There comes a point, one might assume, when everything worth writing regarding a particular subject has been written. For some topics, a lengthy magazine article may be enough. For others, even a shelf’s worth of lengthy tomes wouldn’t suffice. In the past few months, I’ve read a couple of books – Rob Sheffield’s Dreaming the Beatles and Andrew Blauner’s In Their Lives – that have made something abundantly clear: no matter how many books have been written about The Beatles, I’ll always want more.
Now, this isn’t to say that I want writers to simply recite facts about the band’s well-worn trek from Liverpool to Hamburg to America to global fame and musical revolution. It’s not The Beatles’ story that I have an endless need to read about; it’s all the ways in which the band and their music changed the lives of its listeners that keeps me turning pages, which is exactly why Dreaming the Beatles and In Their Lives worked so well for me.
Dreaming the Beatles is a single listener’s personal history, chronicling his decades spent listening to and loving the Fab Four. The Beatles he writes about are his Beatles, which, of all things, he first encountered watching the Help! movie as a kid. In Their Lives takes a similar approach, but relies on 28 different writers professing their adoration of the band through essays about (at least in some sense) a single Beatles tune. Jane Smiley, for example, writes about the youthful thrills of “I Want to Hold Your Hand,” Touré tackles the drama of “The Ballad of John and Yoko,” and Rick Moody uses “The End” to explore his parents’ dissolving marriage, the dream of the 60s, and The Beatles’ last hurrah.
This individual focus, where all the bits of Beatles history and criticism are filtered through the writers’ individual encounters with the band, is exactly the right approach to a Beatles book in 2018 for two reasons. One, there are so many straight biographies of the band that, barring some new bit of revelatory research, it’s unlikely to offer anything new to those of us who’ve already devoured thousands of pages of Beatles lore. I mean, Bob Spitz’s recent biography (titled The Beatles, natch) starts with the four members’ grandparents, for Pete (Best)’s sake. Exhaustive doesn’t really begin to cover it.
The other thing, though, is that The Beatles are one of those cultural touchstones shared by literally billions of people, so just as Sheffield and Smiley and Touré and Moody (and, somehow, David Duchovny) have their Beatles, we have ours. This makes reading these books a little like talking with someone who once lived in the same house you grew up in: the rooms and hallways and all the little quirks and noises are the same, but your lives and memories are necessarily different artifacts. It’s fascinating to compare notes.

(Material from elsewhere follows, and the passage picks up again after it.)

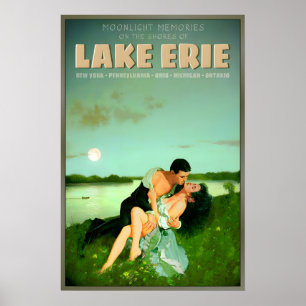 Lake Erie New York Pennsylvania Ohio Maneschijn Poster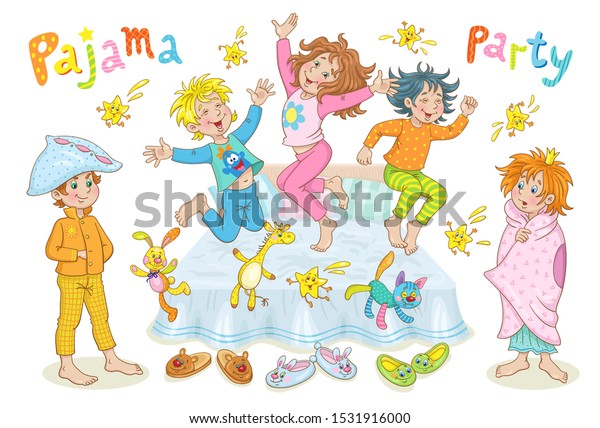 パジャマパーティー パジャマを着たおかしな子どもたちがベッドで遊び飛び跳ねる 漫画風 白い背景に ベクターイラスト のベクター画像素材 ロイヤリティ フリー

I thoroughly enjoyed both Dreaming the Beatles and In Their Lives, of course, though Sheffield’s book is the one that has really stuck with me.

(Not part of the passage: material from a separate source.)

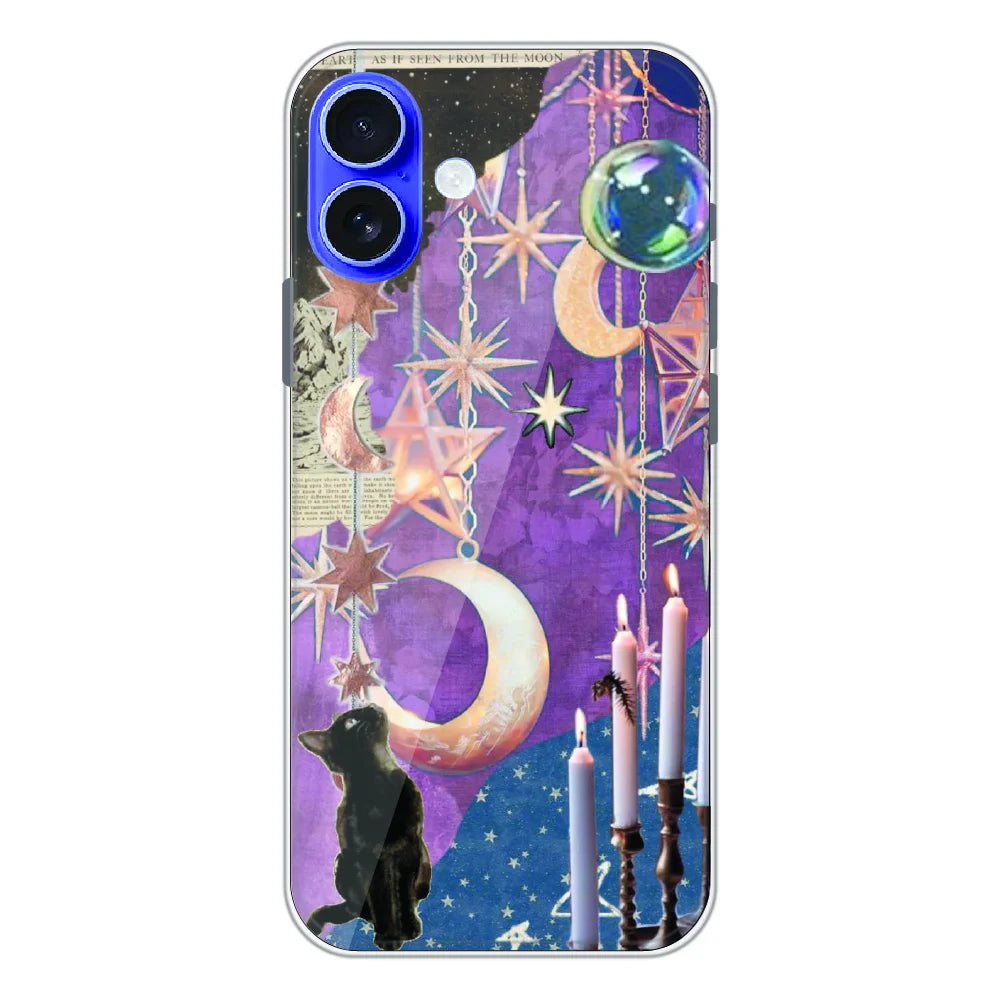 Celestial Moon Cat Art - Printed Silicone Case For Apple iPhone 16 Plus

In fact, Dreaming the Beatles may rank behind only The Beatles Anthology in terms of pure Beatles-nut enjoyment. But where the latter (which is written as an oral history and includes material from interviews with the band, their longtime producer George Martin, and other important figures from the Beatles-verse) feels like you’ve been granted an audience with the band and are listening to them recount old memories over tea, Sheffield’s book feels like a late night campfire conversation with a fellow obsessive where you take turn playing your favorite’s deep cuts and argue passionately about how underrated “Baby’s In Black” or “Got to Get You Into My Life” is. (And yes, I’ve got a lot of metaphors to describe reading about The Beatles. What of it?)

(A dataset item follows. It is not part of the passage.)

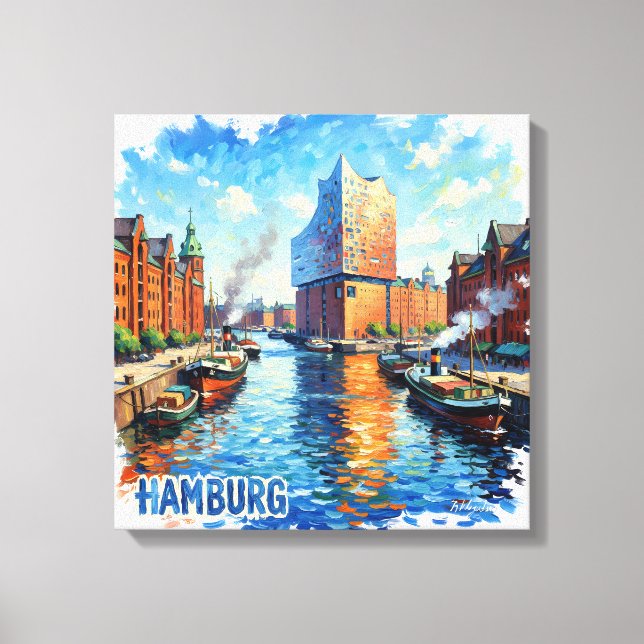 Lienzo Hamburg Harbor Light Reflections Canvas Art (Anverso)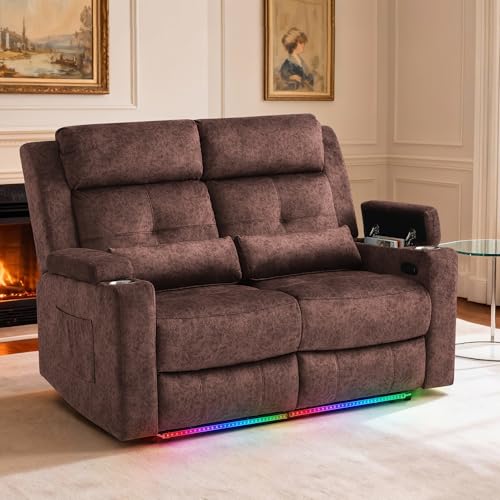 Power Reclining Loveseat with LED Lights/Arm Storage, Wall Hugger Loveseat Recliner with USB Ports, 2 Cushions, Power Loveseat Sofa for Living Room, Home, RV Camper(Brown, 2 Seat) - color: Brown, size: 2 Seat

Because I literally never tire of those kinds of arguments, I hope that we see more books like Dreaming the Beatles as the years roll by. We’ve had the histories (Shout! by Philip Norman, The Anthology, the Spitz book), the firsthand accounts by the band’s associates (All You Need is Ears by George Martin, Here, There and Everywhere: My Life Recording The Beatles by Geoff Emerick), works of cultural criticism (Beatles ’66 by Steve Turner, Revolution in the Head by Ian McDonald, Can’t Buy Me Love: The Beatles, Britain, and America) and even extensive catalogues of the band’s recordings and gear (The Complete Beatles Recording Sessions by Mark Lewisohn).
Beatles fanatics like me will find something to love about all of these, of course, but we may have passed the point when anything more can be wrung from attempts to report on the who, what, where, when, and why of The Beatles. Which is totally fine. As long as there are fans of The Beatles (read: forever) and those fans are willing and able to share their thoughts and make their arguments and re-live their formative Beatles experiences, there’ll be Beatles books I want to read.